Back in January, I came upon the news, via Maud, that Eloisa James is the penname of Mary Bly. Who knew? She’s an old, though not close, friend, and she gave me a copy of one of her books. I have just devoured it and what a happy read: I see why people love these things. There is just enough familiarity (in, say the scenes of young wives talking to each other about the latest gossip interrupted by beloved toddlers) and strangeness (in, say, the fact that these same wives have servants instead of daycare and are heading off to balls) for it to be pleasant. You recognize the type and then get the pleasure of translating it to a richer and more glamorous place. I’m overcome with admiration for her imagination.
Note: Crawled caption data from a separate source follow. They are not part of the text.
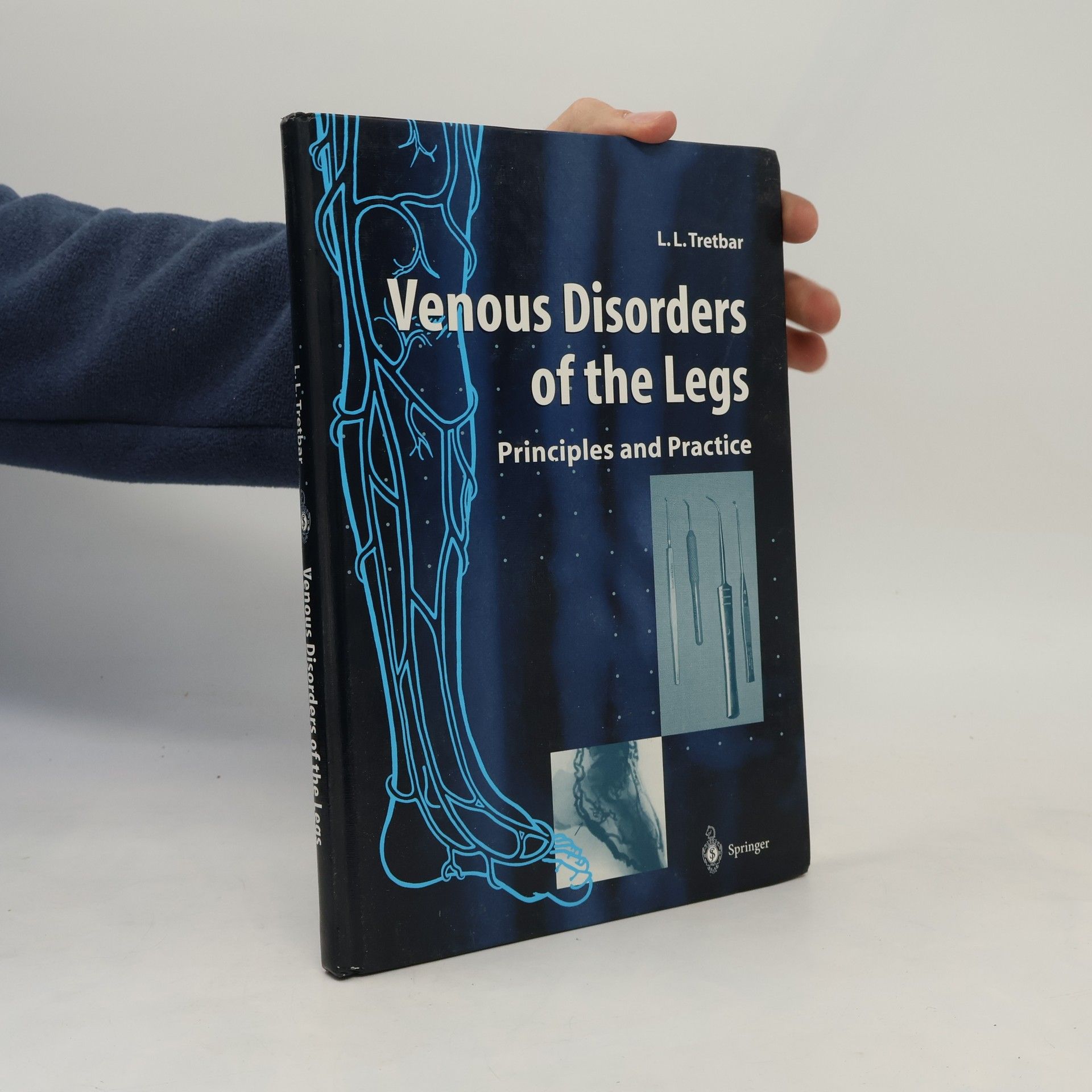 Lawrence L. Tretbar Venous Disorders of the Legs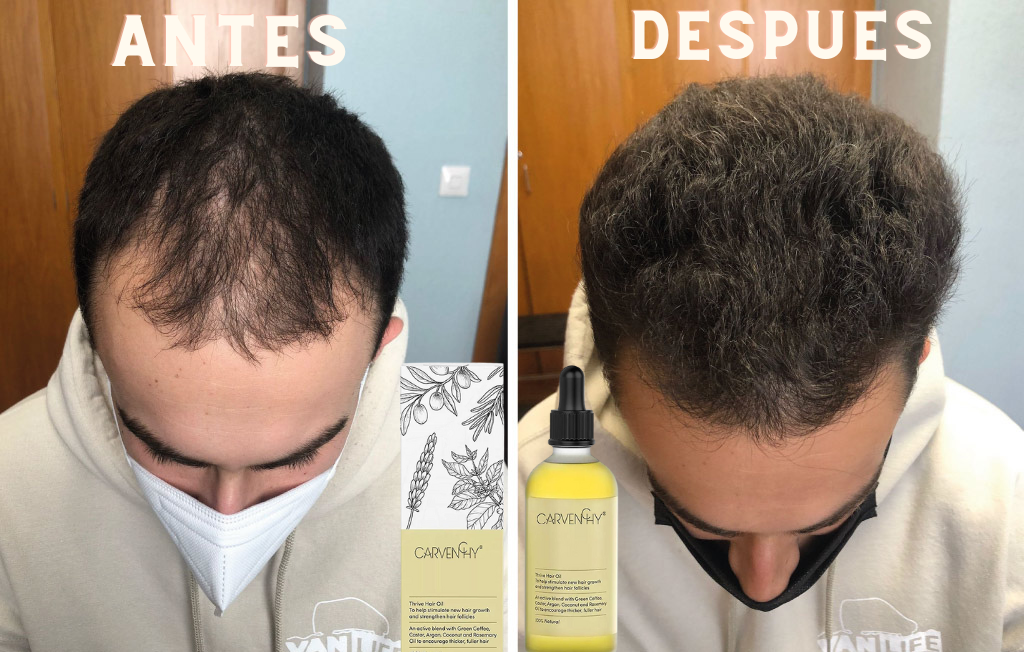 Serum Capilar pro®️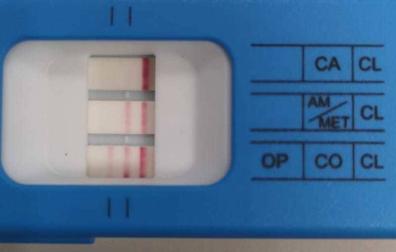 Test de drogas al que se sometió el conductor que se dio a la fuga en Carcastillo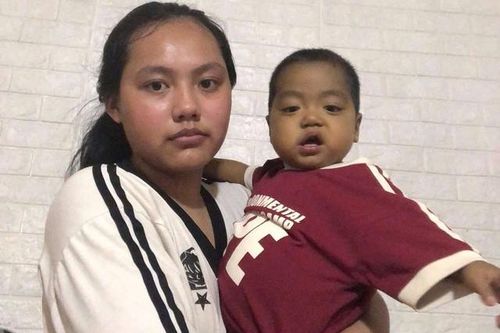 MS 1018: Sự sống mong manh của bé trai 21 tháng tuổi bị teo mật bẩm sinh, xơ gan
There’s a great scene—really a sentence—of a huge carriage insisting on its right of way over that of pedestrians that seems utterly right: those horrible SUV roadhogs were around two hundred years ago and she’s captured how they drove. The writing is great—just what one wants genre fiction to be—that is, you almost never think of it as writing, you just float along with story as the plot leaps from one episode to the next.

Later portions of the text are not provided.